Last week on my way home from a particularly tough midnight shift, which lasted until 10:30, I stopped in at a Second Cup to wind down, have a strong cup of something hot and read the newspaper. It had been a freezing night. I was cold and tired but not quite ready for bed. I entered the coffee shop in my grubby winter work jacket, my boots and my unkempt toque-head and unshaven, red face. I may have looked a sight to some of the suburban folks sitting, but I took no notice. All I wanted was that hot cup of coffee and my copy of the Edmonton Journal.
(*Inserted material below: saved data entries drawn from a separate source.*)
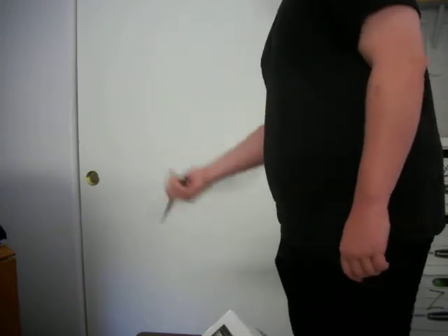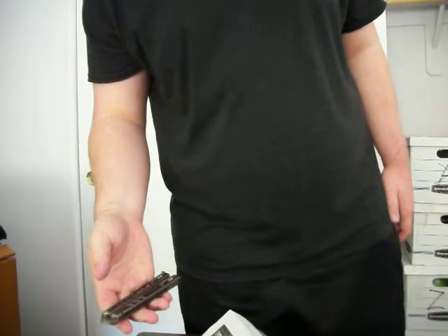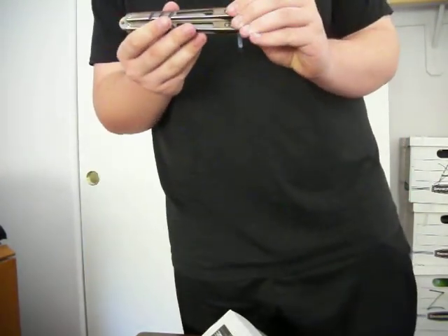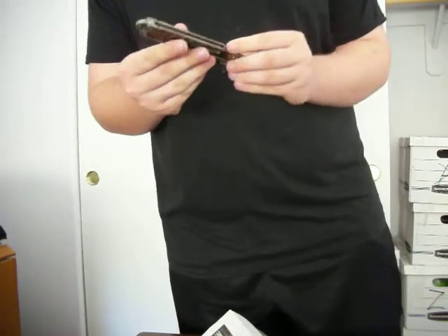I will definitely have a review on this one in a little bit. I'll be comparing it mostly to the Infinity because it does have rounded handles — definitely not as rounded as the Infinity, and this is definitely thicker than the Infinity, which is kind of what I wanted.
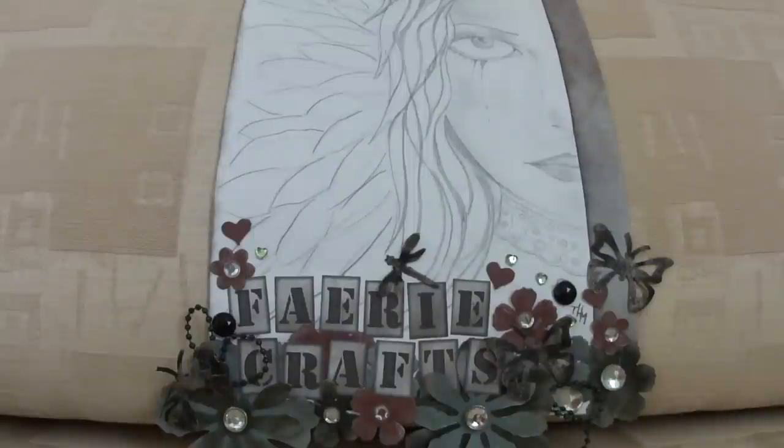Hi everyone, I'm back again with another Altered Birdhouse. I'm getting through my box — I think I've only three left to do, so I can stop boring you with them after that, unless I buy some more of course.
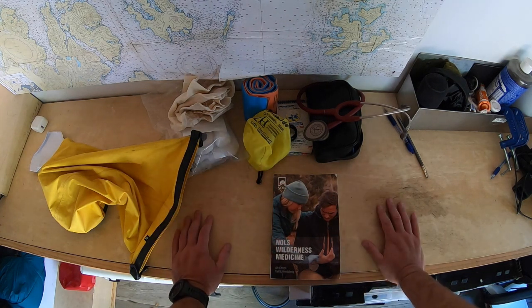That's how I handle first-aid kits, and I hope you never need it. Whatever you're doing outside, be safe and have fun.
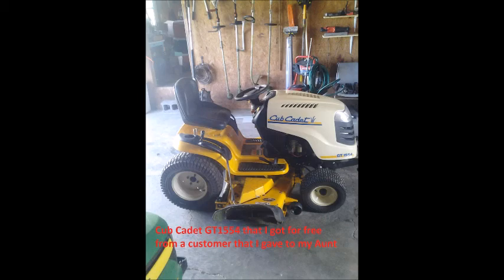Another example: a customer gave me a Cub Cadet GT1554 for free that had less than 250 hours on it. All I did was change the oil, oil filter, fuel filter, and air filter, and put a new battery on it because the old one was bad. The tires held air, it didn't need belts — nothing. A $50 maintenance kit and a $50 battery — so $100 total — and I had a great mower with a 54-inch cut. You could take on big yards and hilly properties with that.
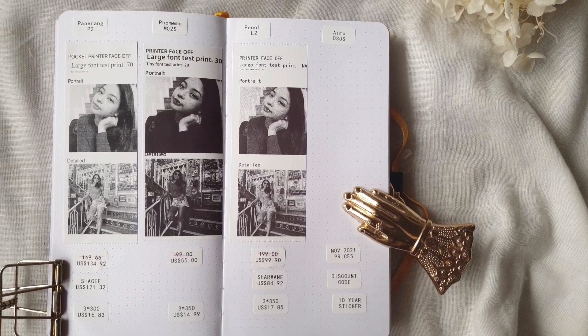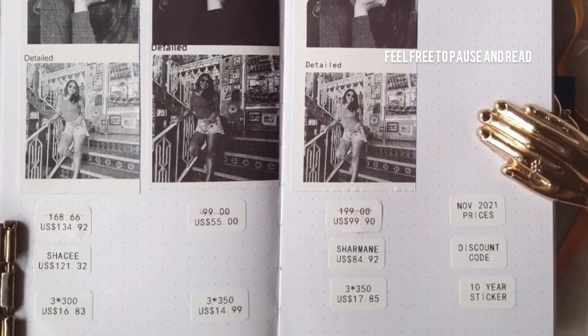Now for the more technical side: I've created a table comparing the unit prices and the price of one 10-meter white sticker roll for each printer. As these units were gifted to me, I'm not fully familiar with their regular prices, but currently they are all on sale — likely due to Black Friday. I have an affiliate link for PaperAng where you can use code 'Charmaine' for 10% off, and for Pulley you can use 'Charmaine' for 15% off. I also made a comparison of their 10-meter sticker rolls to help you decide.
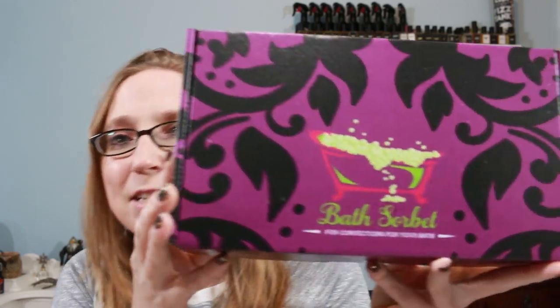Today I'm doing an unboxing video of a box I received from Bath Sorbet, and I'm so excited because it is Halloween themed — specifically the Disney Villains Bath Box. I'm not new to Bath Sorbet; I have some demos of their products on my channel from years past. Today we're unboxing this Disney Villains box, which you can purchase on their website — I'll leave a link in the description. The box itself is $45 and it is chock full of awesome bath goodies.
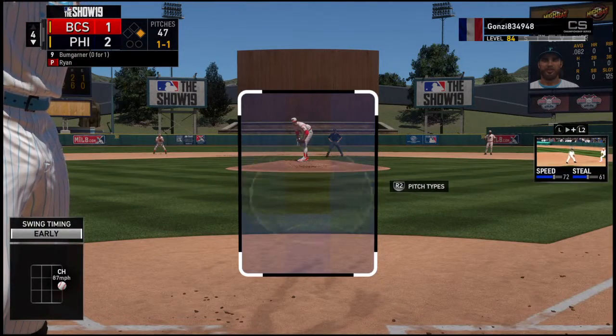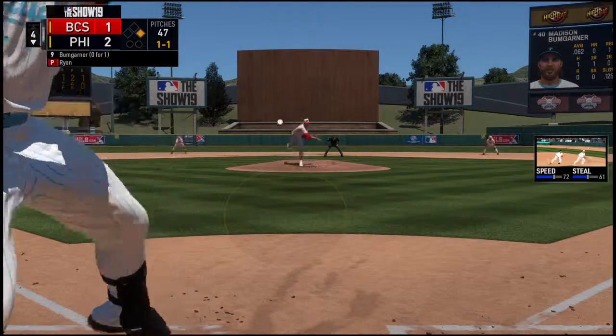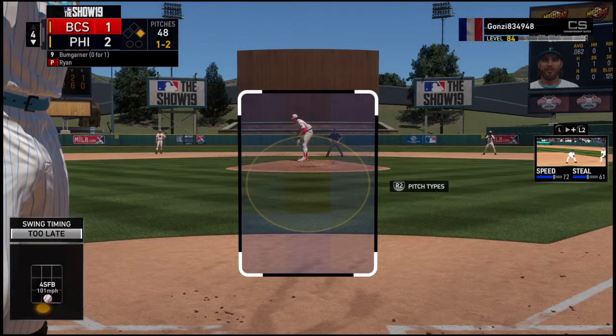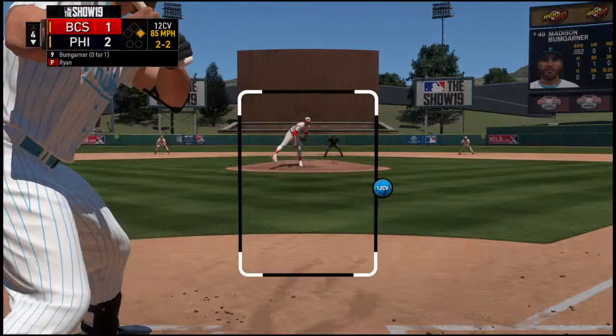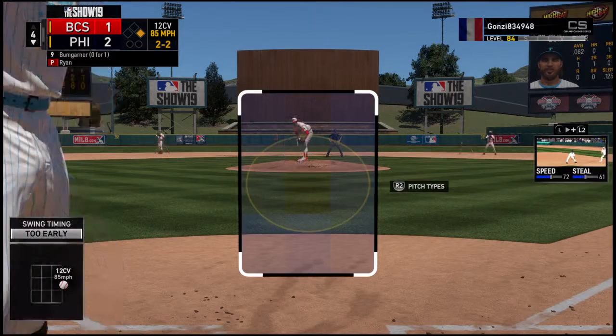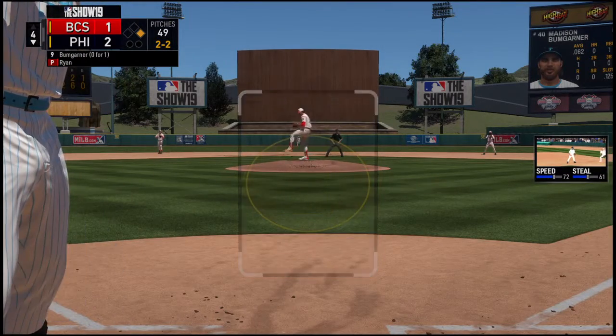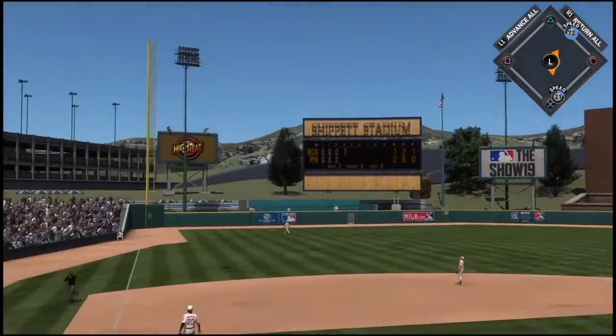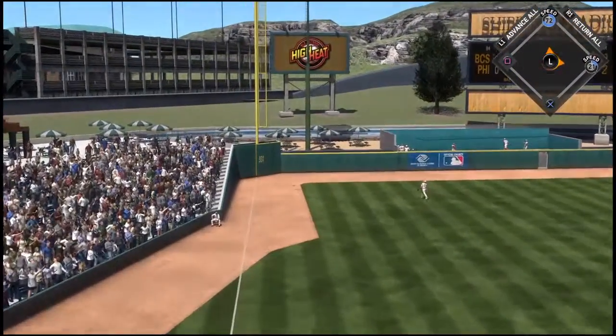A little bit more — a ball and a strike, now the 1-1. Home is swung on and missed, and that's strike two off the outside that time as the breaking ball can't catch the zone. That's what you want from your curveball on one — there's a swing and he's high in the air into left field.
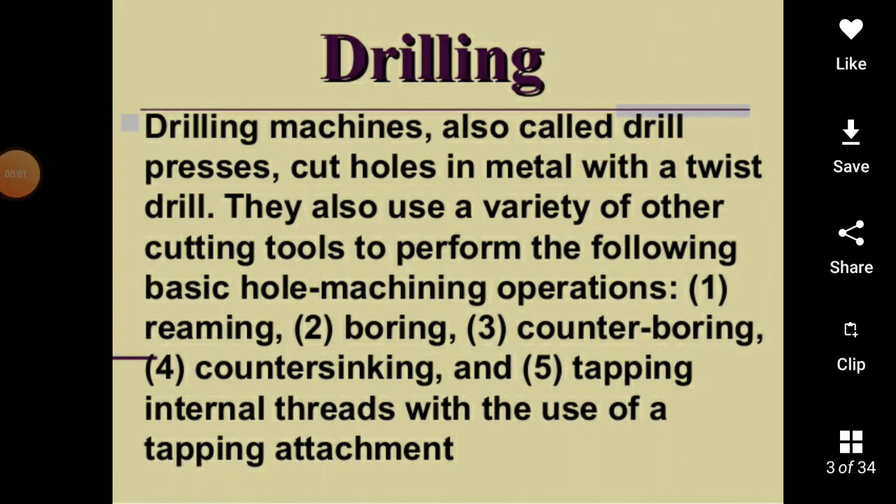Hello, today we will study about drilling machines. We will be able to drill a little bit. Drilling is an important topic of manufacturing technology. First, we will talk about drilling machines.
I was about most of the way through the front section, reading the Op-Ed pages when a man in a nice suit came over and started thumbing through the other sections of my paper, which I had left on the chair beside me. I looked up a little startled, as if to ask what he was doing. He looked back and said, "I'm goining to take the Business Section; you're not going to read it!"
I thought I must have heard him wrong and asked, "What?"
"Well," he condescended, "you're not going to read the Business Section, are you?"
Ahhh, I thought, he doesn't think some bum in a work-style coat, wearing big safety boots and looking as dishevelled as I did that morning would have any interest in the financial pages of the paper.
"Oh, I get it," I nodded. "You don't think someone like me would read the Business Section. Is that it."
"Well," he stammered, "I just assumed...."
"You assumed that because I look like this, I'm too uneducated to be able to understand or care about economics." "Well, here's the deal," I continued, "you can have the business section while I'm finishing off the Front Section and the City Section. However, once I'm done, I will want the Business Section of the paper I BOUGHT."
"Oh, I'm sorry," he retreated. "I didn't mean to say that you couldn't understand economics." Then he put the paper down and walked away.
I didn't know whether to laugh or cry. I did like my mother told me and got a good education. I just happen to like working outside better and have chosen labour over the inside jobs I used to do.